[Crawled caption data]
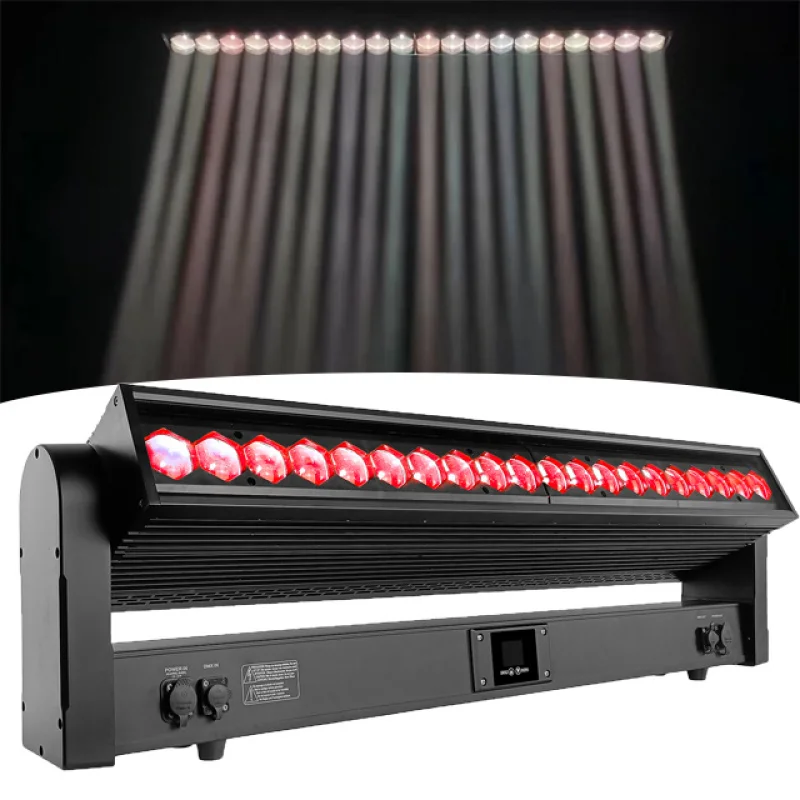 IP65 Outdoor Moving Head LED Beam Lighting 20*40W RGBW 4in1 Zoom Wash Stage Club DJ Bar-Pixel Control DMX512 Aluminum Disco Bar
IP65 Outdoor Moving Head LED Beam Lighting 20*40W RGBW 4in1 Zoom Wash Stage Club DJ Bar-Pixel Control DMX512 Aluminum Disco Bar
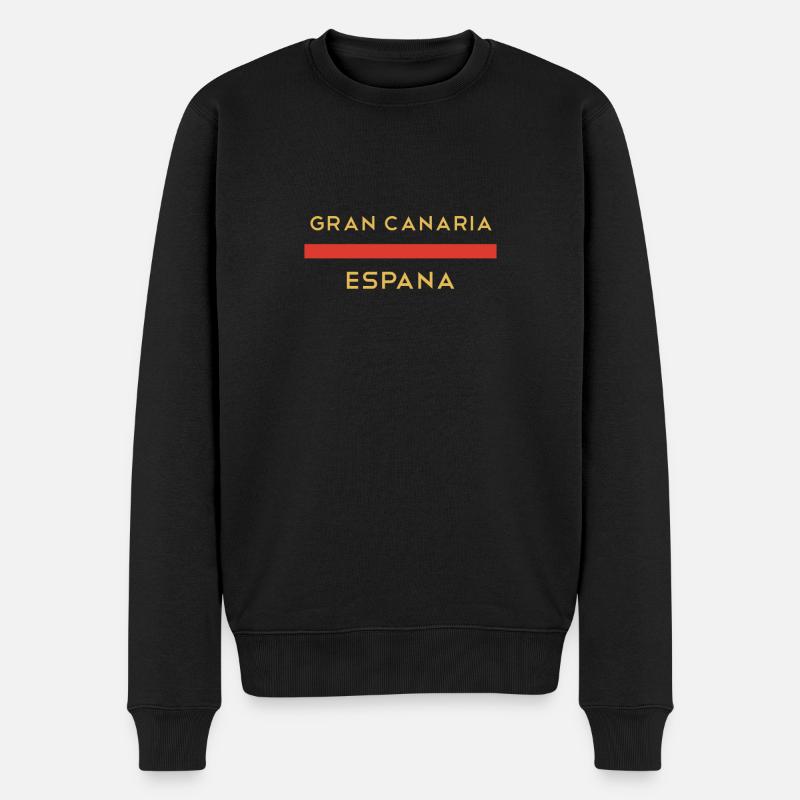 Gran Canaria Spanien T-Shirt - Männer Premium Bio Pullover - Schwarz
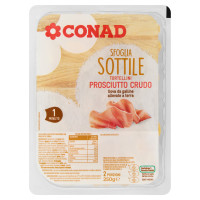 Tortellini con Prosciutto Crudo Sfoglia Sottile 250 g Conad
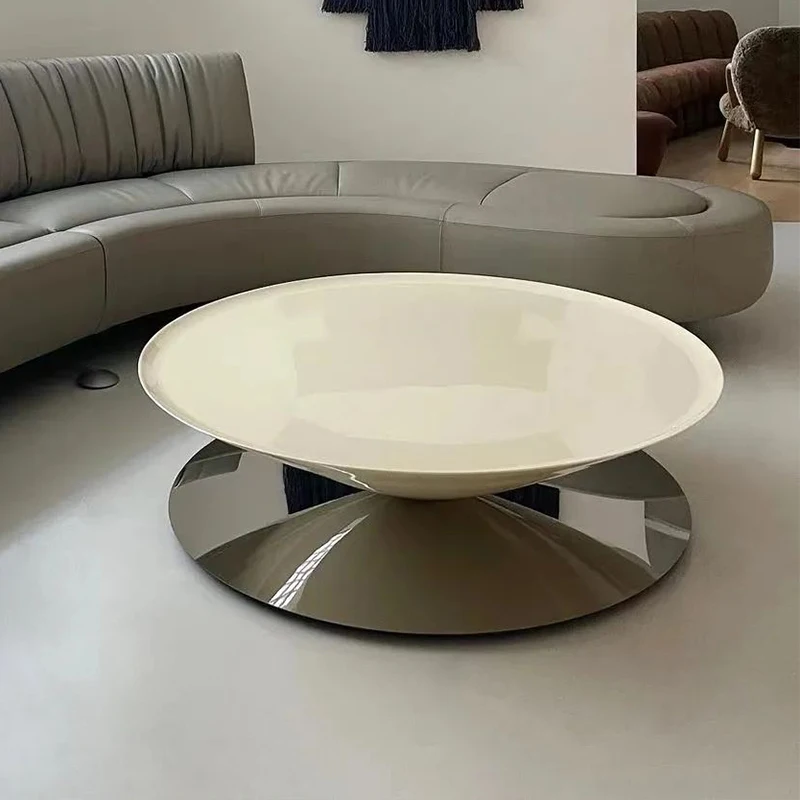 Table basse de forme spéciale d'art créatif, table basse conique suspendue en fibre de verre, table à thé pour salon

● **PROBLEM REQUIREMENTS**: Since only the text is wanted, repeat all the records above exactly and omit the pictures.

● **RESPONSE FOR THIS EXERCISE**:
 IP65 Outdoor Moving Head LED Beam Lighting 20*40W RGBW 4in1 Zoom Wash Stage Club DJ Bar-Pixel Control DMX512 Aluminum Disco Bar
IP65 Outdoor Moving Head LED Beam Lighting 20*40W RGBW 4in1 Zoom Wash Stage Club DJ Bar-Pixel Control DMX512 Aluminum Disco Bar
 Gran Canaria Spanien T-Shirt - Männer Premium Bio Pullover - Schwarz
 Tortellini con Prosciutto Crudo Sfoglia Sottile 250 g Conad
 Table basse de forme spéciale d'art créatif, table basse conique suspendue en fibre de verre, table à thé pour salon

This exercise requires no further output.